Development Philosophy
Motivation
I build tools to solve real problems in network automation and intelligent systems. Projects address specific needs: type-safe topology modeling, open astrophotography alternatives, robust biometric signal processing.
Planning-First Approach
Projects use .planning/ directories with structured planning:
- PROJECT.md: Core value, requirements, constraints, decisions.
- ROADMAP.md: Phase breakdown, goals, success criteria.
- STATE.md: Current position, progress, decision log, blockers.
- Phase plans: Detailed execution, verified before implementation.
This systematic approach prevents rework and maintains clear goals.
Verification Loops
Formal verification concludes each phase:
- Goal-backward analysis confirms codebase delivery.
- Must-have coverage ensures all requirements are met.
- Verification documents create a permanent record of completion.
If verification fails, I fix gaps before advancing.
Technology Choices
Core Languages:
- Rust: For performance-critical code (netvis, netsim, topogen, astro). Ensures type safety, zero-cost abstractions, robust error handling.
- Python: For rapid development and scientific computing (ank-pydantic, healthypi). Leverages a rich ecosystem for signal processing and network automation.
- Swift: For native Apple ecosystem integration (multi-agent collectors, cycle agent). Provides first-class support for iOS/tvOS/macOS.
Key Tools:
- NATS: Universal message bus for agent coordination. Features TLS 1.3, per-subject ACLs, JetStream for durability.
- Pydantic: Type-safe Python models with validation at definition time.
- PyO3: Rust-Python FFI for high-performance Python extensions.
- petgraph: Production-ready graph data structures in Rust.
- FastAPI: Modern async Python web framework.
Testing:
- Comprehensive test suites (286 tests in HealthyPi, 582 in netvis).
- Unit tests validate algorithms and logic.
- Integration tests verify component interaction.
- Parity tests ensure interface consistency across CLI/API/config.
Architecture Patterns
Message Bus Coordination: Projects use NATS as a universal communication layer. Agents, simulators, and services communicate via typed messages, not direct calls. This enables:
- Independent agent development and deployment.
- Security boundaries with per-subject ACLs.
- Observable message flows for debugging.
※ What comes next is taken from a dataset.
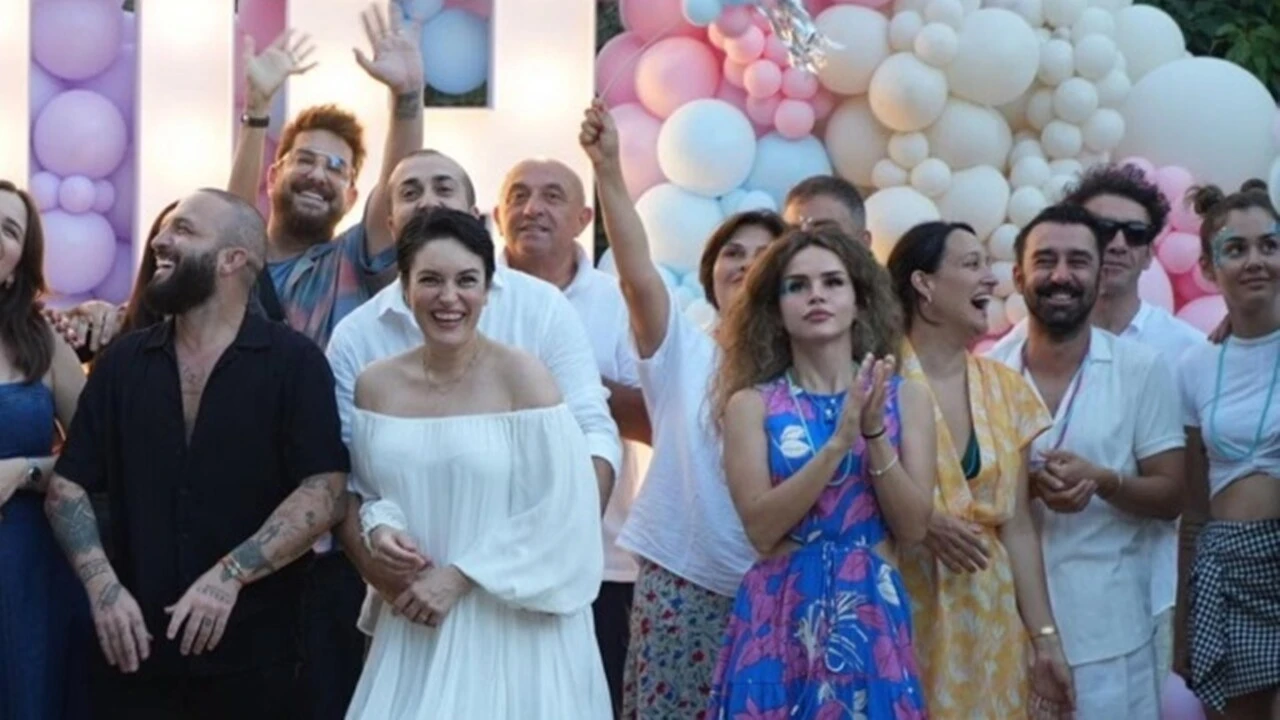 Enis Arıkan’dan sürpriz ‘baby shower’… Ezgi Mola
- Clean separation of concerns.
Multi-Layer Abstraction: Network tools separate physical, logical, and protocol layers. This mirrors network engineering thought processes and enables independent reasoning.
Type Safety: Rust’s type system and Pydantic validation catch errors at compile/definition time, preventing invalid runtime states.
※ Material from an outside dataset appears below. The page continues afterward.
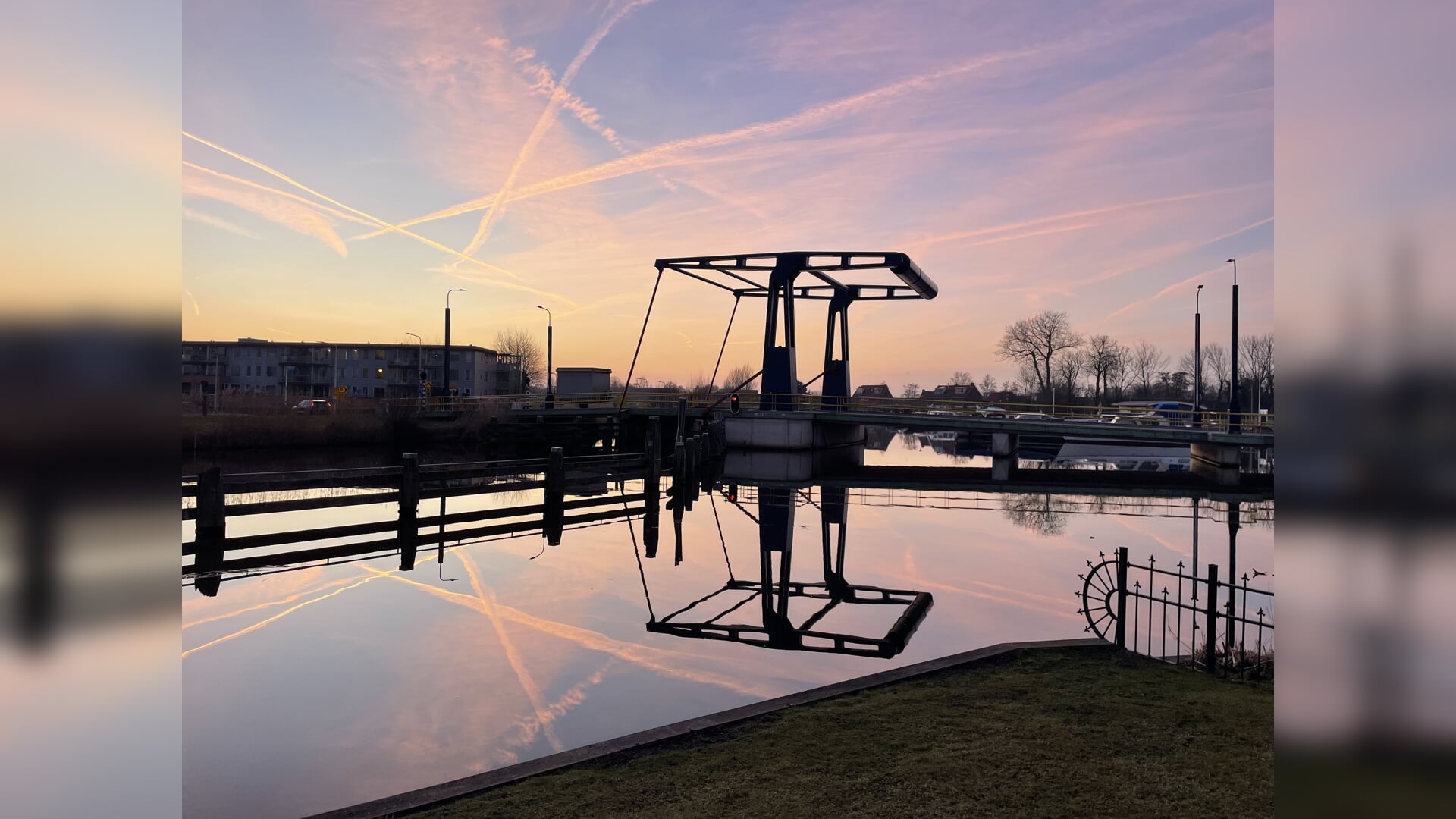 Lezersfoto: Weerspiegeling in het water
Modular Design: Components expose clean interfaces and minimize coupling. Libraries separate core logic from rendering/export, enabling reuse and independent evolution.
Documentation Practice
Code-Level:
- Clear, intent-explaining function/type names.
- Comments for non-obvious decisions.
- Doc-tests serving as examples.
Architecture-Level:
- PROJECT.md captures design decisions and rationale.
- STATE.md logs decision history and blockers.
- README.md provides quick-start guides and overviews.
Research-Level:
- RESEARCH.md documents exploration before planning.
- Links to relevant papers, tools, and prior art.
- Captures findings.
Workflow
Development Cycle:
- Research and planning (understand problem).
- Phase design (break work into verifiable chunks).
- Implementation (write code with tests).
- Verification (confirm goals met).
- Documentation (capture decisions).
Commit Practice:
- Atomic commits: one logical change per commit.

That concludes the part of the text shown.